## [WHAT IS REQUIRED]
In the data below, reproduce everything exactly except the images.
(RECORD EXCERPTS Opens)
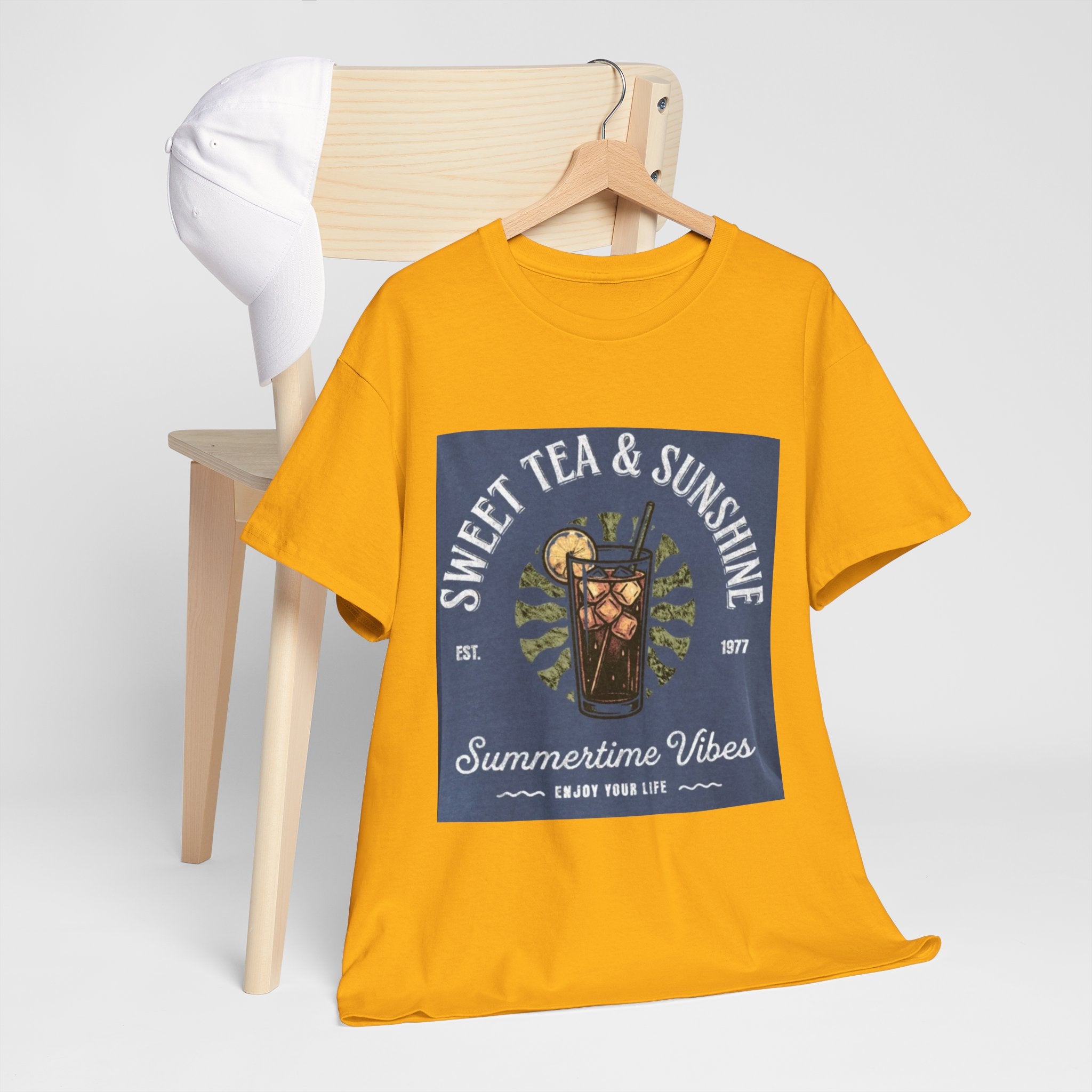 Sweet Tea & Sunshine Tee — Summertime Vibes Iced Tea Graphic T-Shirt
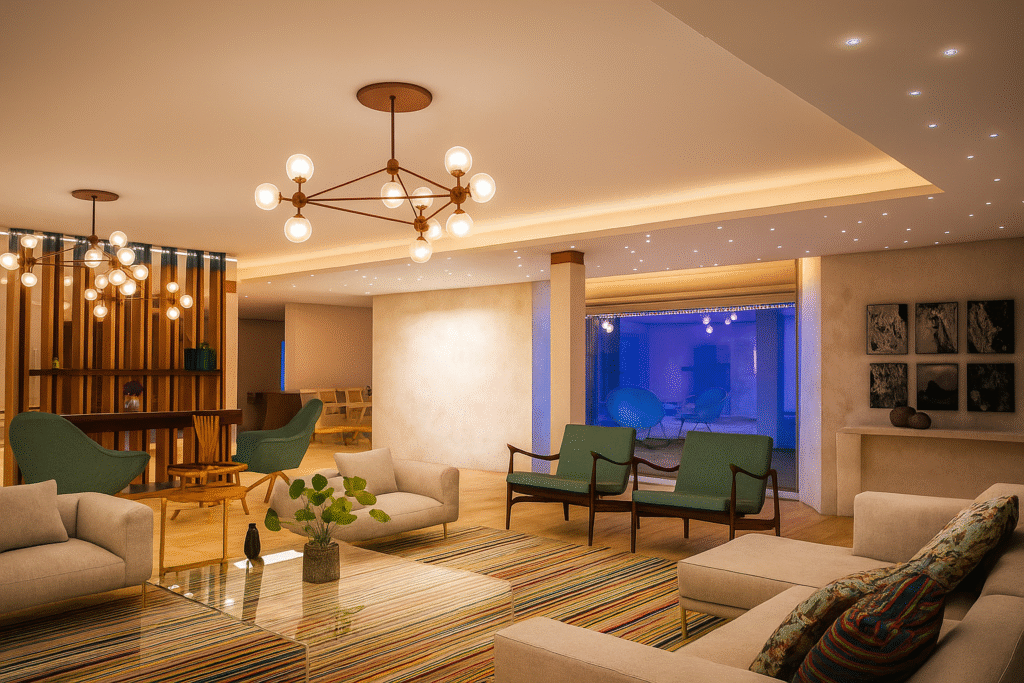 modern oturma odası dekorasyonu yeditaş mimarlık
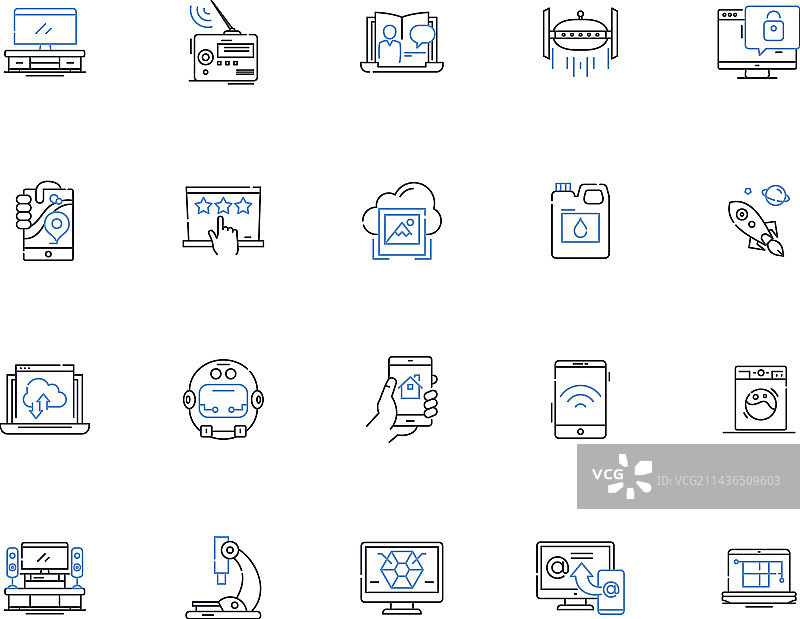 电器轮廓图标合集：制冷设备图片素材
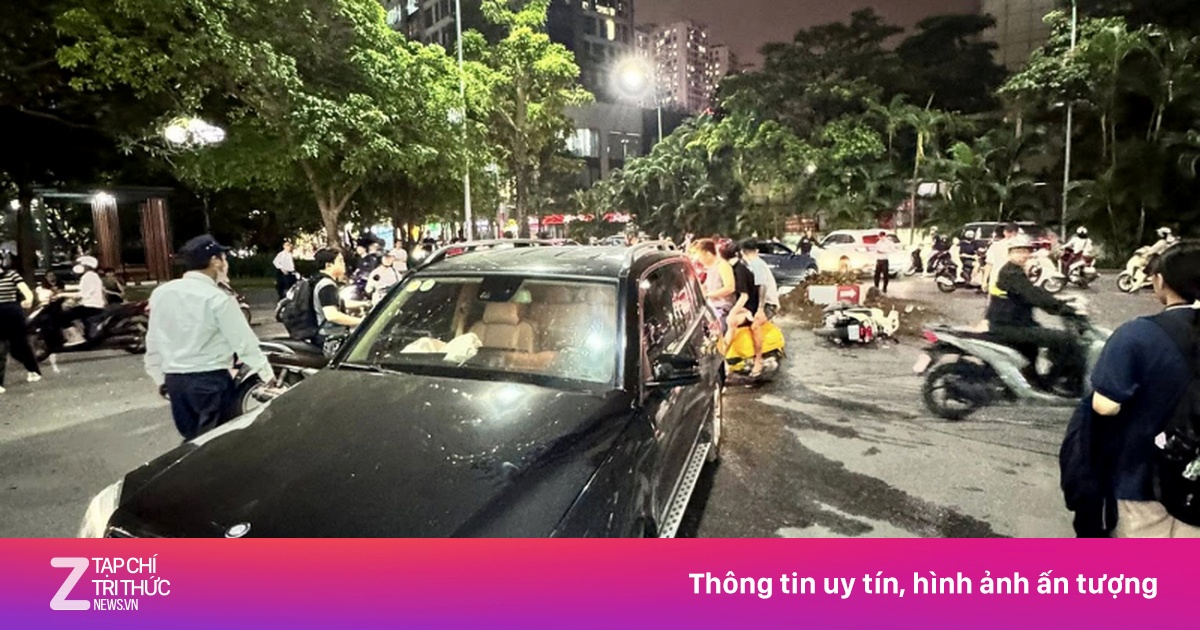 Tài xế Mercedes vi phạm nồng độ cồn gây tai nạn liên hoàn ở Hà Nội
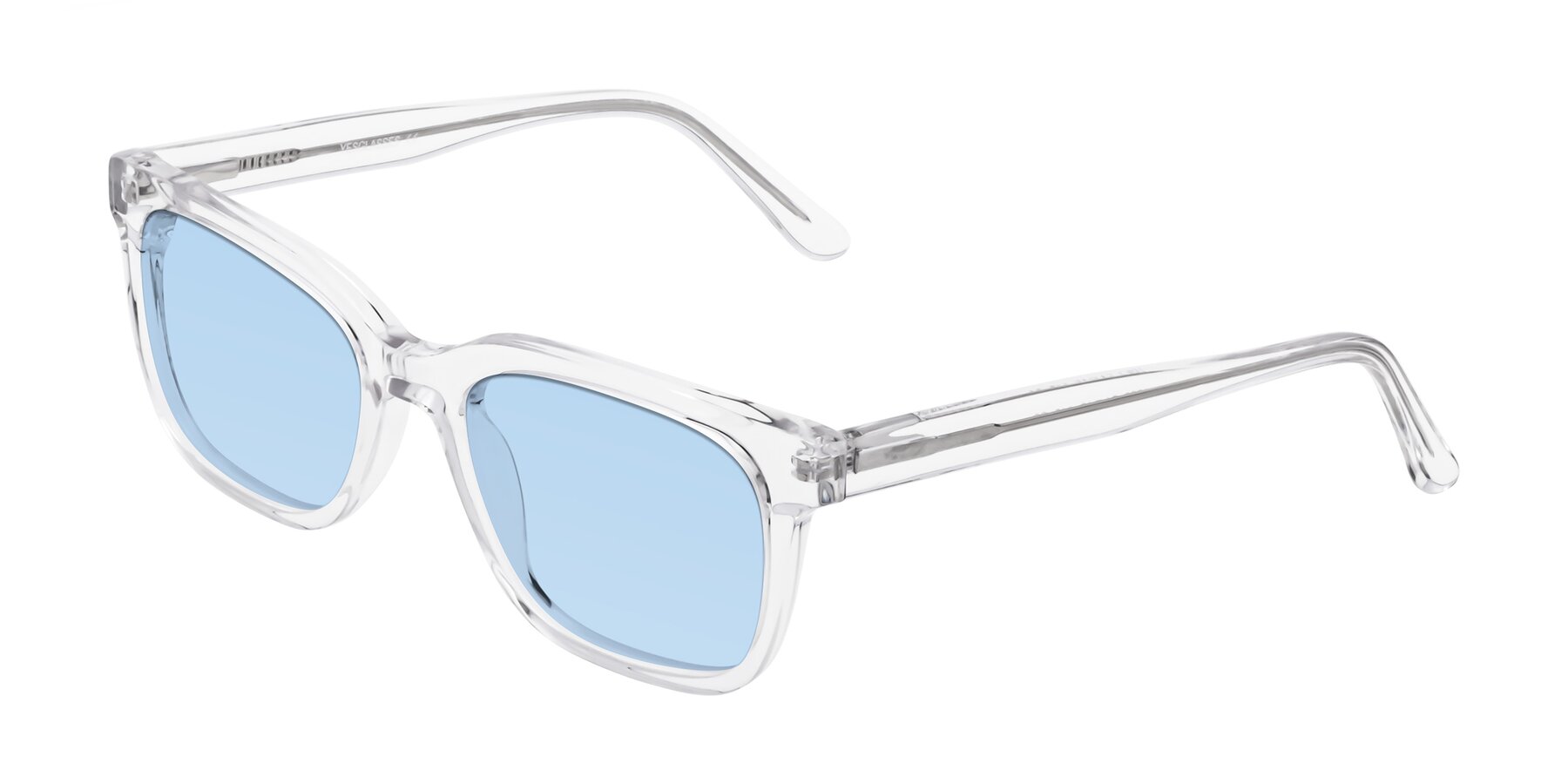 Angle of 1052 in Clear with Light Blue Tinted Lenses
(RECORD EXCERPTS Closes)
## [YOUR SOLUTION]
 Sweet Tea & Sunshine Tee — Summertime Vibes Iced Tea Graphic T-Shirt
 modern oturma odası dekorasyonu yeditaş mimarlık
 电器轮廓图标合集：制冷设备图片素材
 Tài xế Mercedes vi phạm nồng độ cồn gây tai nạn liên hoàn ở Hà Nội
 Angle of 1052 in Clear with Light Blue Tinted Lenses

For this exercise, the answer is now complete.